Hong Kong has world’s most open economy
Tied with Singapore for first place.
The 2nd edition of the Open Markets Index commissioned by the International Chamber of Commerce showed that Hong Kong and Singapore were the only two ranked as excellent in terms of overall openness (each scoring 5.5).
These two highest performing economies were the only ones listed in Category 1. Second place went to Luxembourg.
The Open Markets Index generates a balanced and reliable measurement of a country's openness to trade. It combines indicators of actual, de facto, openness of markets with those reflecting government measures considered barriers to market entry. Countries are assessed on a scale of 1 (minimum) to 6 (maximum).
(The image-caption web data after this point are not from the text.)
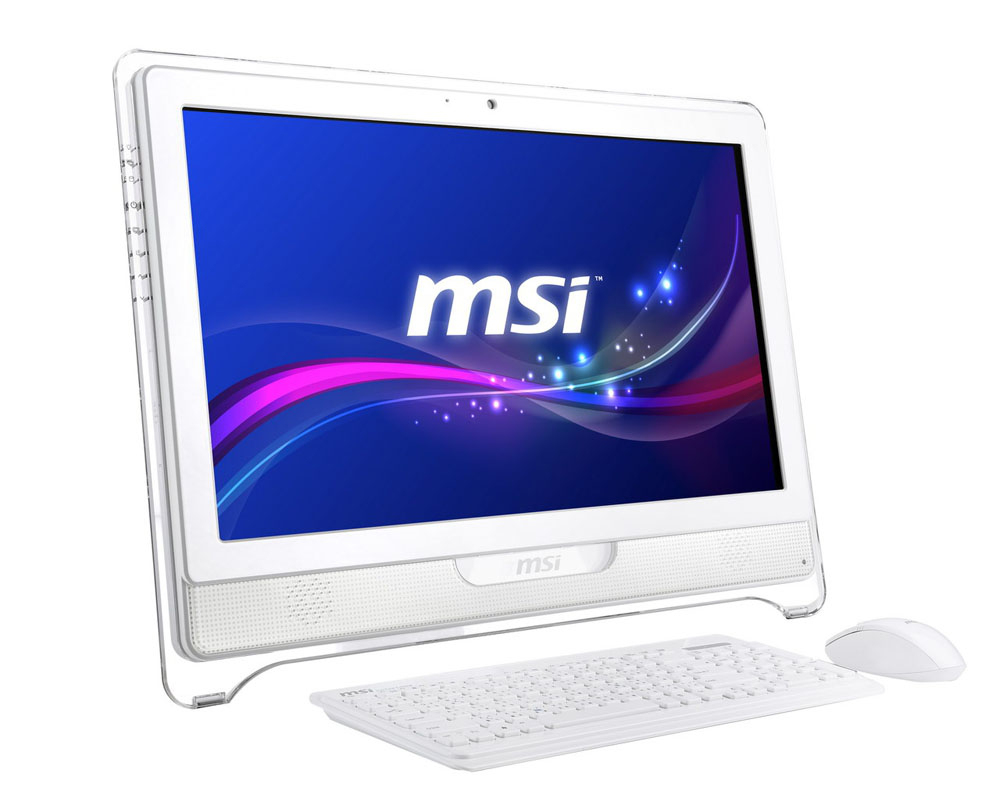 MSI Wind Top AE2211 Intel Pentium G G630 54.6 cm (21.5″) 1920 x 1080 pixels 4 GB DDR3-SDRAM 500 GB HDD FreeDOS White image 1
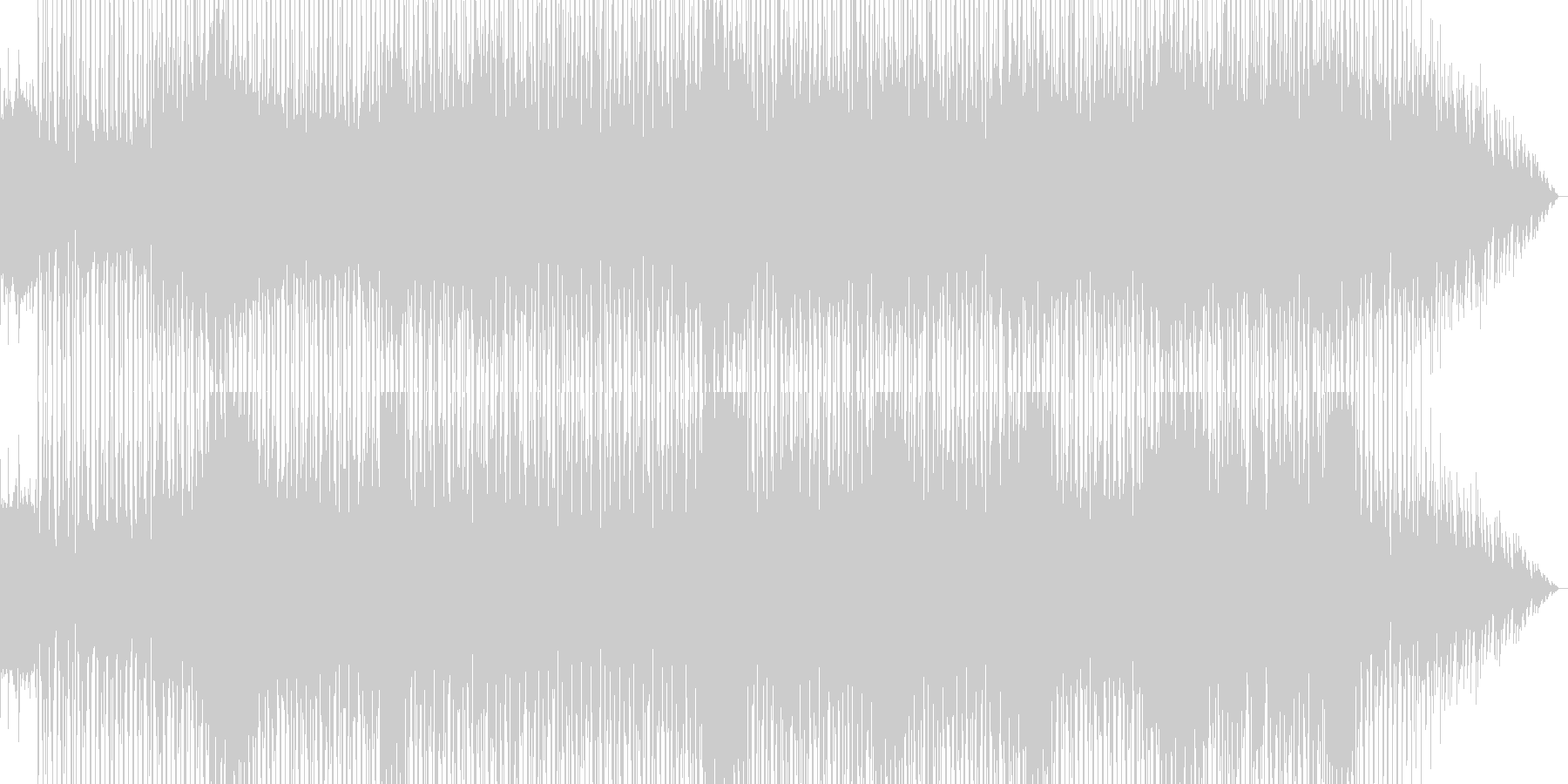 未再生の波形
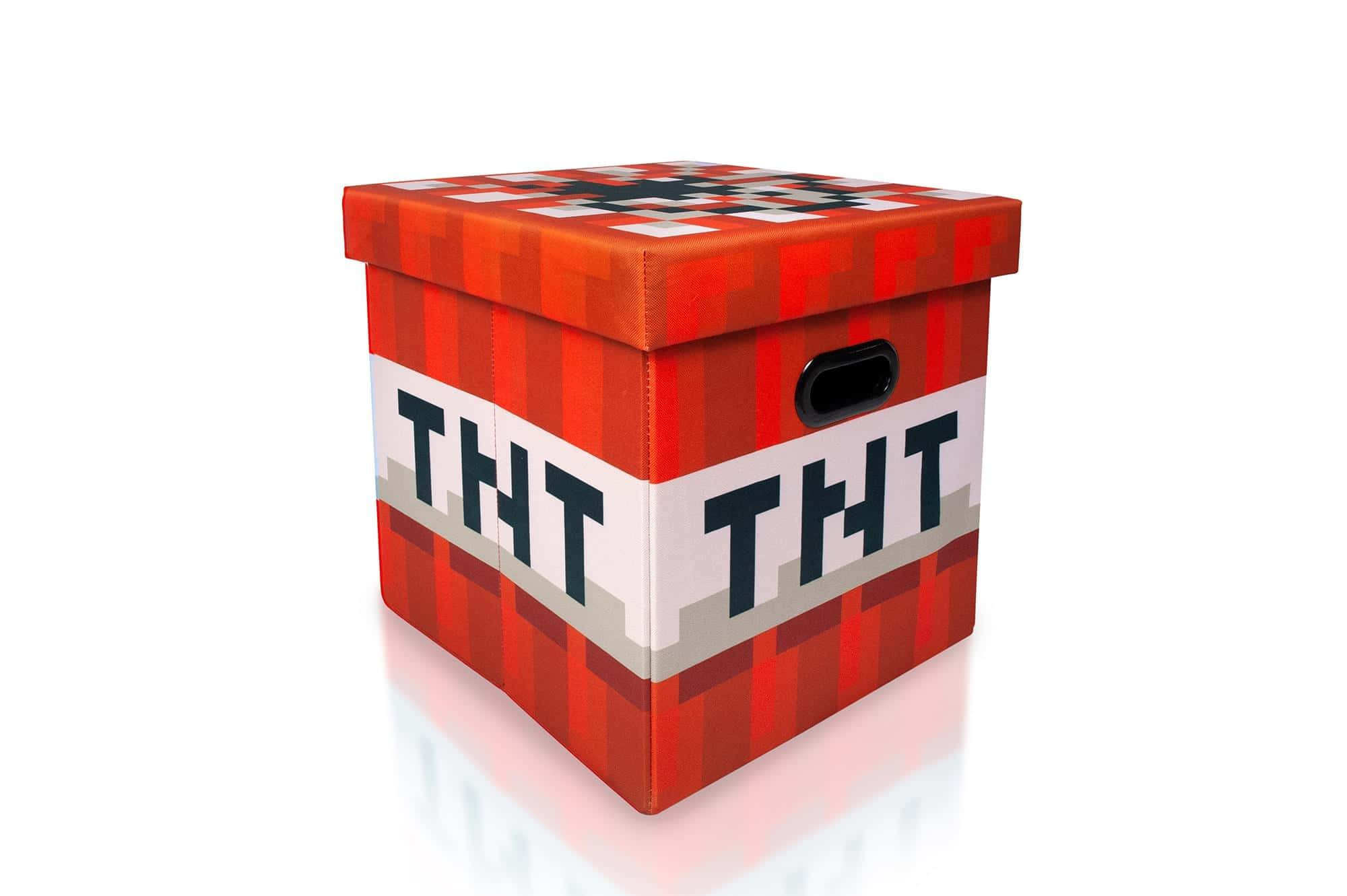 Cutie cu TNT din Minecraft Fundal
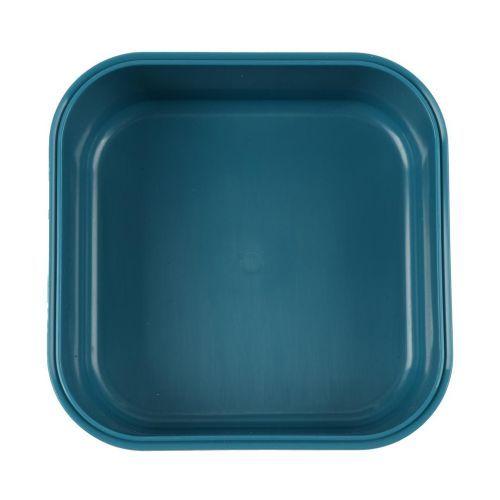Trixie boterhamdoos blauw  (Snack box met clips  Mr. Triceratops - 04-151) - Junior Steps
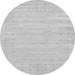 Square Solid Gray Modern Rug, con2650gry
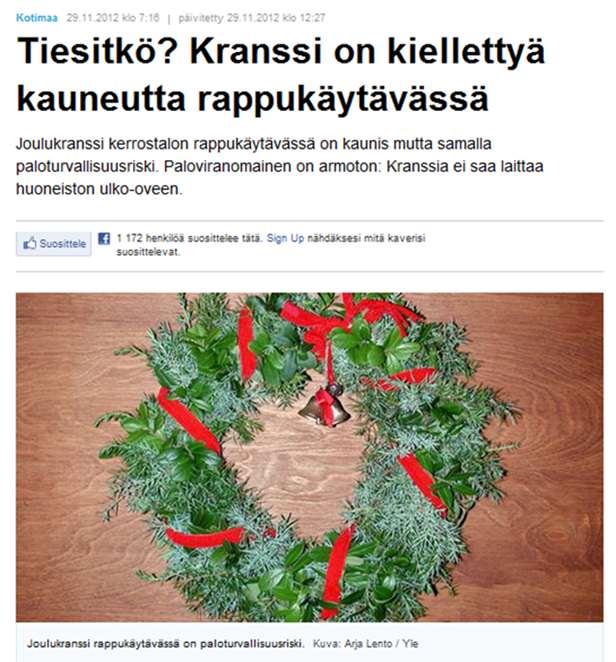 tiedottamisen kärkiaihe ti 27.11.2012 Joulukranssit to 29.
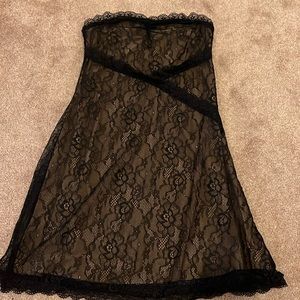 Tiger Mist Strapless Lace Dress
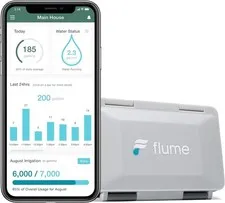 Flume 2 Smart Home Water Monitor & Leak Detector WiFi Real-Time Alerts NEW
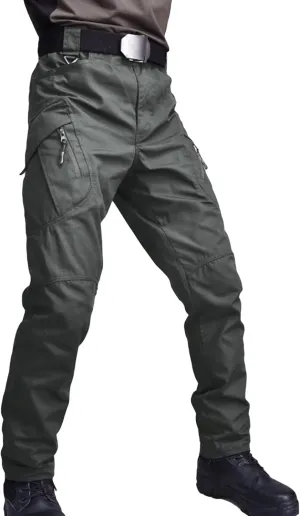 JEsilunmaMY Men's Camo Cargo Pants Multi-Pocket Tactical Outdoor Military Trousers Casual Waterproof Athletic Joggers Pants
The 2013 index found that the average score across the 75 countries was 3.6/5.0, indicating a slight improvement on 2011's average score of 3.5.
In general, G20 economies were found to be behind the global standard with an average aggregate score of 3.4. Of all the countries, only Canada rankED in the top 20 worldwide (19th).
Germany was 22nd; the UK 29th; France 35th and the USA 38th. G20 countries were found to perform poorest on average in terms of observed openness to trade, with 19 of the 20 scoring only average or below average on this measure.
The BRICS nations of Brazil, Russia, India and China all scored between 2.0 and 3.0, while South Africa registered an aggregate score of 3.2. One of the main causes for poor performance among these economies was restrictive trade policy regimes, with generally higher than average tariff levels.